**DATA EXTRACTS**
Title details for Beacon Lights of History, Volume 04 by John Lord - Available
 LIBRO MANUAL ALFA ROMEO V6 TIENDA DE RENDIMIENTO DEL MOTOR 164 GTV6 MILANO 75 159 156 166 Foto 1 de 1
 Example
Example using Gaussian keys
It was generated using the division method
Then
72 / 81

**WORK ITEM**
Sift the material for lines that include the word "using", and copy each one.

**YOUR RESPONSE**
Example using Gaussian keys
It was generated using the division method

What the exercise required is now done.